According to the source, there is currently no demand for IT stocks, and SEBI has been informed of the current market conditions and other strategic choices that have resulted in the change in IPO plans.

Without going into further detail, Snapdeal informed Reuters that it had decided to withdraw the IPO prospectus “given the current market conditions”. According to its future cash needs and market conditions, Snapdeal may decide to revisit an IPO, the company adds.

In 2010, Wharton alumnus Kunal Bahl and Indian Institute of Technology grad Rohit Bansal founded the New Delhi-based Snapdeal. The business claims that by offering “value-for-money,” or cheaper, products on its shopping website and app, it serves the so-called value e-commerce market.

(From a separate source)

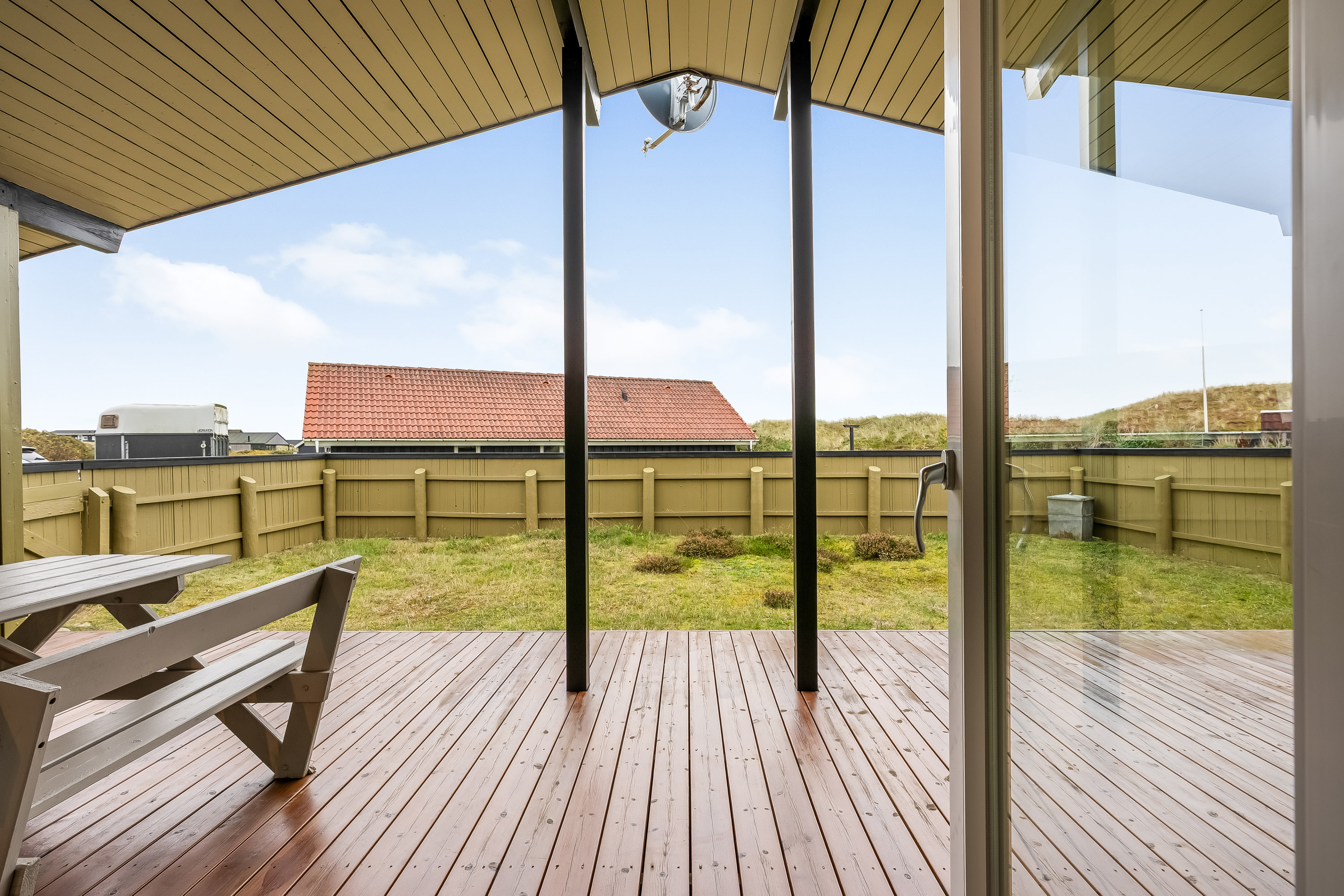 Fremhævet overdækket terrasse billede i fuldskærmstilstand. Billede af Bjerregårdsvej 307, Bjerregaard, 6960 Hvide Sande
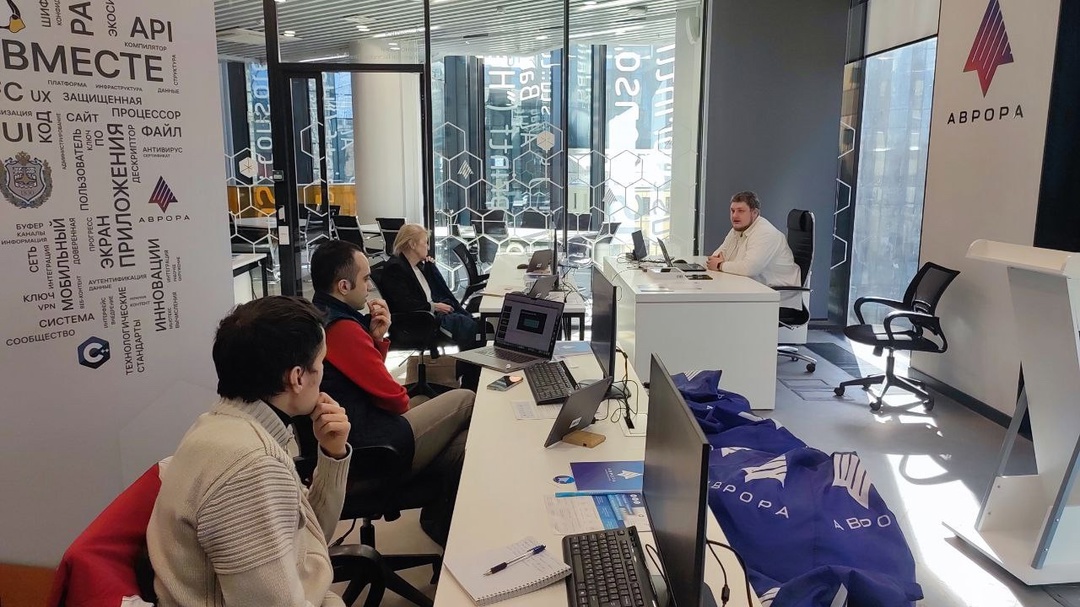 В эти минуты в стенах МГТУ им. Баумана проходит большая лекция для преподавателей и научных сотрудников по платформе управления Аврора Центр.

Snapdeal, which was valued at $6.5 billion in 2016, has suffered a decline in popularity as the market has become more competitive. It has experienced losses over the past three fiscal years, from 2019 to 2021, and was expecting to obtain fresh capital through an initial public offering (IPO) with a $1 billion valuation.

Snapdeal’s ambitions have changed as investors turn against Indian tech businesses that have recently gone public.

Shares of Paytm, an Indian company that specialises in digital payments, have fallen 76% since its IPO in November 2021, when it raised $2.5 billion in one of the largest IPOs in the history of the nation.

After going public in July 2021, the shares of food delivery service Zomato have fallen by half from their peak levels.

PharmEasy, a $760 million Indian online pharmacy funded by TPG and Prosus, and boAT Lifestyle, a supplier of wireless earbuds supported by Warburg Pincus, both withdrew their papers for their IPOs in August and October, respectively.

According to the first source, Snapdeal hasn’t set a new deadline for when it might refile its IPO.

With the proceeds of its initial public offering (IPO), which was planned to include a fresh issue of shares worth 12.5 billion rupees ($152 million) and an offer for sale of 30.8 million shares, Snapdeal had hoped to fund organic growth plans. The Ontario Teachers’ Pension Plan Board, Sequoia Capital, and SoftBank had all made offers to sell a portion of their IPO stakes.